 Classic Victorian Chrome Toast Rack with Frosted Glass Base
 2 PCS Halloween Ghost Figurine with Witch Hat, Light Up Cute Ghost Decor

※

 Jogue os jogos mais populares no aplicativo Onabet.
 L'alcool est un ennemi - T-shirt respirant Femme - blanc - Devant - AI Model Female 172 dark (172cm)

※

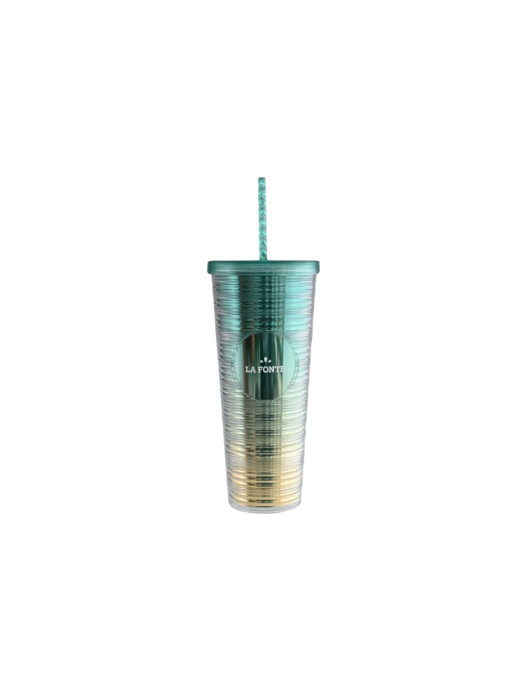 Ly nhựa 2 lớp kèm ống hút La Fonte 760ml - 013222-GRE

※

Each line of the data that has the string "with" should be returned.

 Classic Victorian Chrome Toast Rack with Frosted Glass Base
 2 PCS Halloween Ghost Figurine with Witch Hat, Light Up Cute Ghost Decor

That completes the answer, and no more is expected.